The Turkish judicial contingent was a respectful group, but try as they might members of the delegation couldn’t remove the looks of surprise from their faces.

At the offices of the Review-Journal on Friday as part of their participation in the Open World Leadership Center’s Rule of Law Program, the judges and prosecutor represented a cross-section of Turkey’s legal system. The Open World program locally is hosted by Senior U.S. District Judge Lloyd D. George.

Their questions to reporters were astute, and their own answers seemed about as candid as members of the judiciary anywhere get with journalists.

But what they really wanted to ask about were the signs.

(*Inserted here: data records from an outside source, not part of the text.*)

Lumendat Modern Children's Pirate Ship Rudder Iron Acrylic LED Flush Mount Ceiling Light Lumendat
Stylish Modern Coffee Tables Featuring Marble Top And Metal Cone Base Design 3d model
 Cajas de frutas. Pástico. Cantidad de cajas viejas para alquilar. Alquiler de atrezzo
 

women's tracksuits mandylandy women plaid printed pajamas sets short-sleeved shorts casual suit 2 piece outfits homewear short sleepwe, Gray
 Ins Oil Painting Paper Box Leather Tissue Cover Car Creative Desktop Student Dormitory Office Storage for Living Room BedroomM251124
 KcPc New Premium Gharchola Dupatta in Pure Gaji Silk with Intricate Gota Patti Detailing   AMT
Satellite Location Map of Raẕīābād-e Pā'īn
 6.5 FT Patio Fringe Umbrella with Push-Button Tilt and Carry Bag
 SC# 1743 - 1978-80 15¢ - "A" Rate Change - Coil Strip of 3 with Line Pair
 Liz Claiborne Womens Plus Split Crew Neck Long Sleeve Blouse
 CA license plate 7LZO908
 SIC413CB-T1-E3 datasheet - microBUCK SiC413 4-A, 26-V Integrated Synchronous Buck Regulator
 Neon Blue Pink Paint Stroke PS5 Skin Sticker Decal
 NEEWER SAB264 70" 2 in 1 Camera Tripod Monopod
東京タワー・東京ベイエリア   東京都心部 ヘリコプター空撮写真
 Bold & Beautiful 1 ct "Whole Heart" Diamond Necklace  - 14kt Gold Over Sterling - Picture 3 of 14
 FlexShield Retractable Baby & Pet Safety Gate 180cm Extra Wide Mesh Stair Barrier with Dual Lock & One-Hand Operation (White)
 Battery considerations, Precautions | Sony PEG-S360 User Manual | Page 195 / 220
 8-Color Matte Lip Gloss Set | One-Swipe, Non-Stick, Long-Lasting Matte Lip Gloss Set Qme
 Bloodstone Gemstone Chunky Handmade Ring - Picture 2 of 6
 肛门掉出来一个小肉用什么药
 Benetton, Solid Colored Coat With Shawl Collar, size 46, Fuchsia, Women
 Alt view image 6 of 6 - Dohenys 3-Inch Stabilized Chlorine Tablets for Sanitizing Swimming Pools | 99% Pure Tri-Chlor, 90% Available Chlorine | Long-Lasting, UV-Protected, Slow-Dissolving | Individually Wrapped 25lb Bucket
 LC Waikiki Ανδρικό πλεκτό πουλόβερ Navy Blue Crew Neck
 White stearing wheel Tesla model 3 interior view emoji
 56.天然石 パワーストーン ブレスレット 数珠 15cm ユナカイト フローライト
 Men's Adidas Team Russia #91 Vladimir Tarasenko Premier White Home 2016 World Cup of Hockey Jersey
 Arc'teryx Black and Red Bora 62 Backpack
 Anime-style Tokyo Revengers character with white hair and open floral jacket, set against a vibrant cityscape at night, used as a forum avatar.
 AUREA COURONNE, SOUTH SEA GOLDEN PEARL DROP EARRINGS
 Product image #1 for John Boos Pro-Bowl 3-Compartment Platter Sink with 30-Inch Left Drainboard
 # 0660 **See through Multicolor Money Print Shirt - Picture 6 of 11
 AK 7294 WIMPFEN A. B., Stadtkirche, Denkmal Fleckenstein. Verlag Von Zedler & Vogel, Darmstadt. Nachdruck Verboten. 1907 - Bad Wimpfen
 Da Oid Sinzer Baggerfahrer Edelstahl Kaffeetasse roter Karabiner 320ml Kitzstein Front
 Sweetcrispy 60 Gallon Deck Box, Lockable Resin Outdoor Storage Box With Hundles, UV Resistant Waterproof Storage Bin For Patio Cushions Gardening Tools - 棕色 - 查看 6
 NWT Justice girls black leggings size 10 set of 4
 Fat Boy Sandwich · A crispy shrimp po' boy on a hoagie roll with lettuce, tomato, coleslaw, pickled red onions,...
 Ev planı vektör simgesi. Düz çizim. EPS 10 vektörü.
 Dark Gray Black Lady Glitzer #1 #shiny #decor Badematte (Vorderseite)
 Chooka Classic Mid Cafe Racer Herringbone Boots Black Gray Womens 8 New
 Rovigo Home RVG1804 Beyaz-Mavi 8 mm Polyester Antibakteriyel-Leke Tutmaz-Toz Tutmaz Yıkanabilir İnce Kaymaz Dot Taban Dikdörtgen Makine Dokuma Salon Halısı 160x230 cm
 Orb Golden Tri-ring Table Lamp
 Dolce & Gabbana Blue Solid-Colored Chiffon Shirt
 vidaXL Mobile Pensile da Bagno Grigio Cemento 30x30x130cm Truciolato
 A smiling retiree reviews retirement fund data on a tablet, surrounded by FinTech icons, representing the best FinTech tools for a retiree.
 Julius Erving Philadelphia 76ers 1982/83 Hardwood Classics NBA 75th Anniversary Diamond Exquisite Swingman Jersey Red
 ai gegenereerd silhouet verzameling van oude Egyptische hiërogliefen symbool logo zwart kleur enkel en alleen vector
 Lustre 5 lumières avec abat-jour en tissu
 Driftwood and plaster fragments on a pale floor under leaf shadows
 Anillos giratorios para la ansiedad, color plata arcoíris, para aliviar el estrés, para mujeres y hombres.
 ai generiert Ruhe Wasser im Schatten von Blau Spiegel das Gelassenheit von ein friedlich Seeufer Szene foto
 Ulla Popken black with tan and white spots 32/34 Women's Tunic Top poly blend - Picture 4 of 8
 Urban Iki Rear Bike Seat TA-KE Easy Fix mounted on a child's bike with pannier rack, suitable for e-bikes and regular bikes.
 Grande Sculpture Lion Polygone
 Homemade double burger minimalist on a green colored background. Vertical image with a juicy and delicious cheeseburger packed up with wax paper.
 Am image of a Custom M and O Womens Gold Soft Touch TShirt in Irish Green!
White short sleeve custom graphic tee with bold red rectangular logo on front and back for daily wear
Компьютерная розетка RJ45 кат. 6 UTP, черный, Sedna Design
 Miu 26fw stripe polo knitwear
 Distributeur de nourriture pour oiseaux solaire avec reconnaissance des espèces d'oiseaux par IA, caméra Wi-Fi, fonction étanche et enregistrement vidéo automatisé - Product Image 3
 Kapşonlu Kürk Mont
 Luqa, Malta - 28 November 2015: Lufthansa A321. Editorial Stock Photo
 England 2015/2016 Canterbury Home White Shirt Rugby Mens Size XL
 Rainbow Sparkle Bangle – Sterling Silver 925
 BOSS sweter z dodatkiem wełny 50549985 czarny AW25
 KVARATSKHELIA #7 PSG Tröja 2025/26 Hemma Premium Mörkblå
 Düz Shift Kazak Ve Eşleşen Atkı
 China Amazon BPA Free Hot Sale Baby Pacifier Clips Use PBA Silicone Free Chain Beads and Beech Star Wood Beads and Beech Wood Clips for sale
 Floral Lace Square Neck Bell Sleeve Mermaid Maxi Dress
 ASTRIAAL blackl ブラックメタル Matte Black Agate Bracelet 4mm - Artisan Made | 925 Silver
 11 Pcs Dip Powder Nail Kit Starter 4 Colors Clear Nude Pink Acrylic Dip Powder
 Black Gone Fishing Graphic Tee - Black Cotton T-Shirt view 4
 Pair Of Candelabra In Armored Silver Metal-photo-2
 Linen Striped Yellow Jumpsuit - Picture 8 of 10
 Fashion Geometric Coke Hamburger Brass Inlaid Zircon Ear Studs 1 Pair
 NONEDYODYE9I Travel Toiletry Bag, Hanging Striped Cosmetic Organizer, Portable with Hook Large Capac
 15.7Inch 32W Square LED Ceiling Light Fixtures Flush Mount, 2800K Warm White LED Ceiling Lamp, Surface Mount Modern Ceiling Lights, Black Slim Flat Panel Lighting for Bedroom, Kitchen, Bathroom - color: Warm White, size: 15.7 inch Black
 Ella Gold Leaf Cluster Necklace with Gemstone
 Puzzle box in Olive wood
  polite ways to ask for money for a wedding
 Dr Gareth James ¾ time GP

You know, those signs they’ve been seeing along our streets and roadways that advertise Southern Nevada’s plethora of judicial races.

Through a translator, the prosecutor from a distant land politely noted the painfully obvious. Namely, that electing judges and contributing to their campaigns create potential conflicts and the perception of bias. He found “the fact that judges are elected very interesting,” which might be the nicest thing ever said about Nevada’s annual judicial sweepstakes.

In Turkey, which is no one’s idea of an open society these days, judges must pass a series of tests before taking the bench. They serve in a system of seniority and, at least in theory, can be removed for cause by the same high court that originally approved them.

In reality — and here’s the rub that crosses all borders — not many judges are removed from office. Perhaps only 10 in the past decade out of many thousands, a member of the Turkish contingent said.

That might mean that the justice system in Turkey is just plain superior to our own, which allows the votes of citizens both informed and ignorant to count the same and also gives judges the right to raise piles of campaign cash from the very lawyers who will stand before them. But I don’t think so.

To put it less politely than the gentleman from Turkey, our system does create a helluva perception of conflict — especially when highly successful attorneys such as Robert Eglet are willing to spend a bundle and hire their own judicial race handicappers.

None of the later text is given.